# Bizarre Beauty Devices of the Past...Unusual for Sure!



## SeaBreeze (Mar 21, 2014)

Here are some unusual and bizarre beauty device which have been used in the past...odd gizmos for sure!  http://goodmood-gm.com/the-rest/interesting/unusual-bizarre-beauty-devices-past/


----------



## Vivjen (Mar 21, 2014)

I have never been particularly vain, or beautiful, so I don't indulge in modern tortures, let alone these.....anyway, I like my freckles!


----------



## Jillaroo (Mar 21, 2014)

_OMG there are some ghastly looking machines there all in the aid of beauty, no thanks i would not have used them_:noway:mg:


----------



## SeaBreeze (Mar 21, 2014)

I agree Jilly, lol!


----------



## Denise1952 (Mar 21, 2014)

was the corset in their?  That one freaked me bad when I'd see them cinching someone up in a move.  I'll go check the link now Seabreeze


----------



## Denise1952 (Mar 21, 2014)

SeaBreeze said:


> Here are some unusual and bizarre beauty device which have been used in the past...odd gizmos for sure!  http://goodmood-gm.com/the-rest/interesting/unusual-bizarre-beauty-devices-past/



Ok, I'm freaked bad:lofl:


----------



## SifuPhil (Mar 21, 2014)

Wow, a lot of them actually look like descendants of torture devices from the Middle Ages.


----------



## Casper (Mar 21, 2014)

_*OMG, you're sooooo right Phil.......torture is the word for them.:what1:

I'm so glad I wasn't around in those days.:grin:



*_


----------



## Justme (Mar 22, 2014)

In the 50s my mother put some belladonna drops into her blue eyes to enhance their colour or some such, the crazy woman nearly blinded her silly self. I remember her mother telling her off!


----------



## Falcon (Mar 22, 2014)

Yikes !   Vanity has its price.


----------



## Denise1952 (Mar 22, 2014)

Justme said:


> In the 50s my mother put some belladonna drops into her blue eyes to enhance their colour or some such, the crazy woman nearly blinded her silly self. I remember her mother telling her off!

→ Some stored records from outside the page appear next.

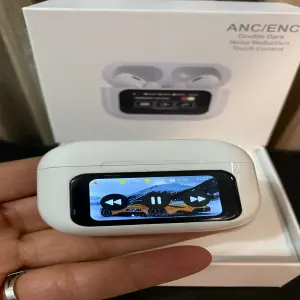 AIRPODS CON PANTALLA: Experimenta el Audio como Nunca Antes - AIRPODS CON PANTALLA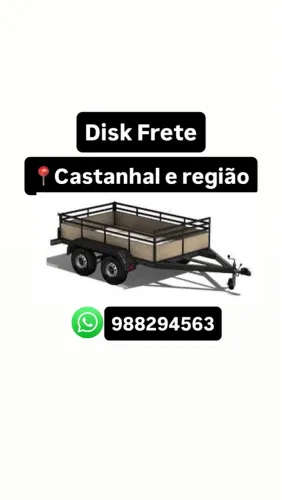 Disk Frete Castanhal e região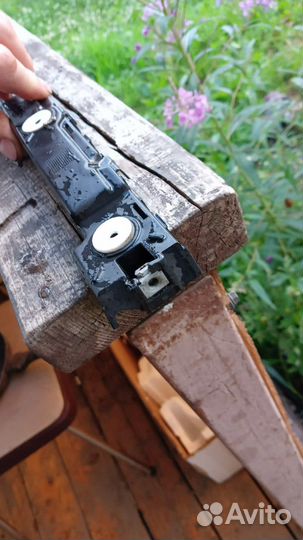 Направляющая заднего бампера Опель Инсигния Рест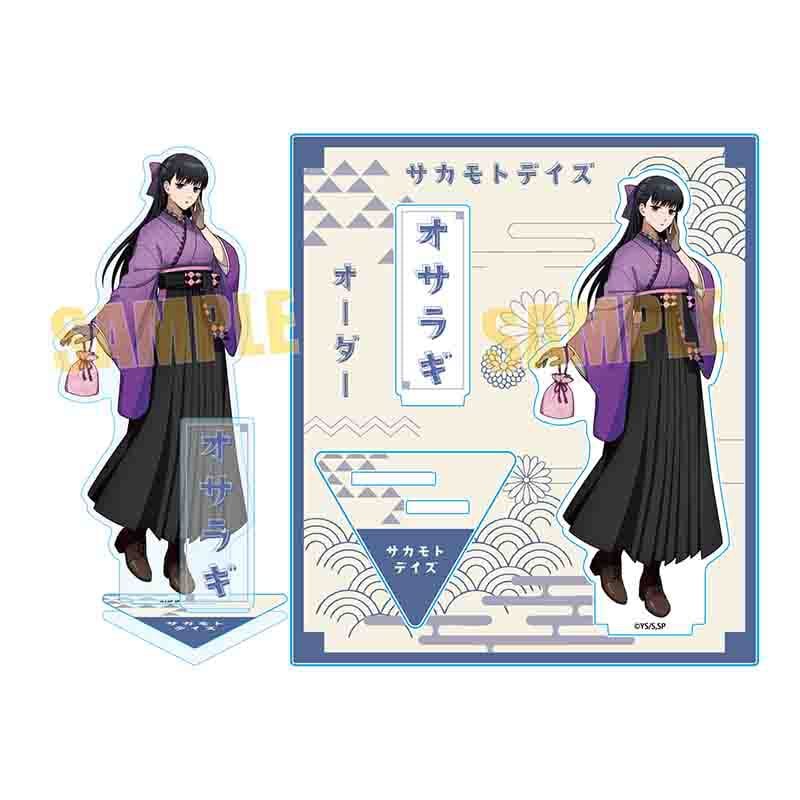 アクリルスタンド SAKAMOTO DAYS/大佛(書生風) | ベルハウスショップ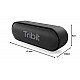 Tribit 2024 Version XSound Go Wireless Bluetooth 5.3 Speakers with Loud Stereo Sound & Rich Bass 16W,24H Playtime,150 ft Bluetooth Range,Outdoor Lightweight IPX7 Waterproof,Built-in Mic (Black)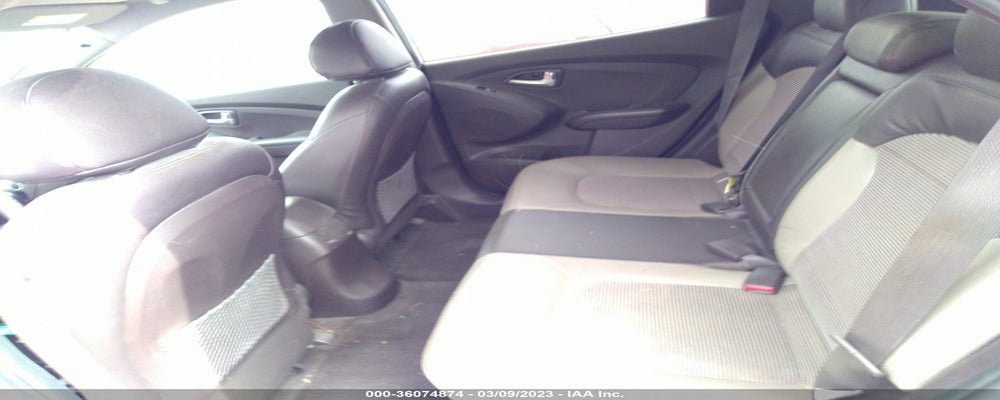 KM8JU3AC6DU638086 2013 HYUNDAI TUCSON photo no. 8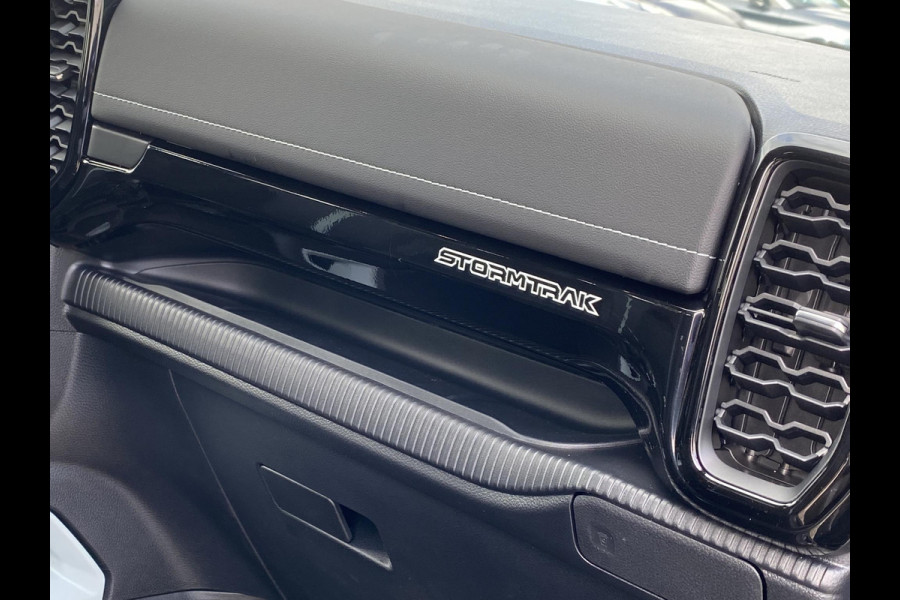 Ford Ranger 2.3 PHEV Stormtrak Double Cab 281pk | Zuid | 5 persoons! | Technology Pack Plus Trailer | Cargo Area Pack | Power Rollertop | Prijs excl. BTW incl. BPM | laadkabel mode 3 16A
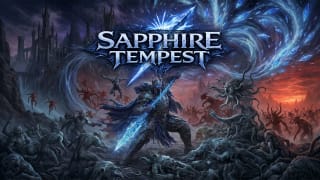 Sapphire Tempest voor €4,99 in de Nintendo eShop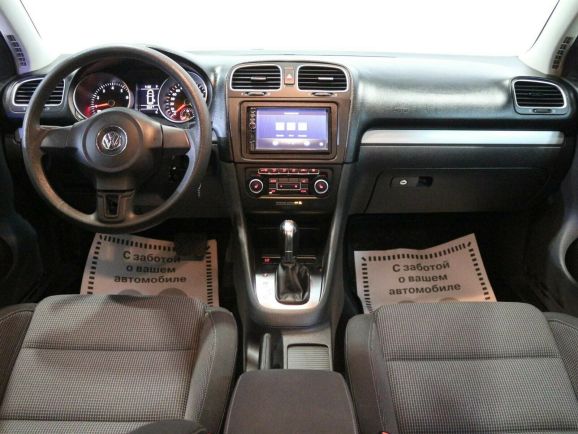 Volkswagen Golf, 1.6 л, Робот, 2012 фото 8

Ohmygosh, never heard about this one!  Well, I don't know what all my mom did, but wait, I thought of something, LOL!  She put on some falsies(that's what they called fakes boobs for those of you who might not know) and went out dancing.  She said she was having a gay old time until (slow dances included) until she found out one had slipped out somehow and she hadn't noticed:lofl:


----------



## SifuPhil (Mar 22, 2014)

The sanitized tapeworms are SO much prettier than the unsanitized ones ...


----------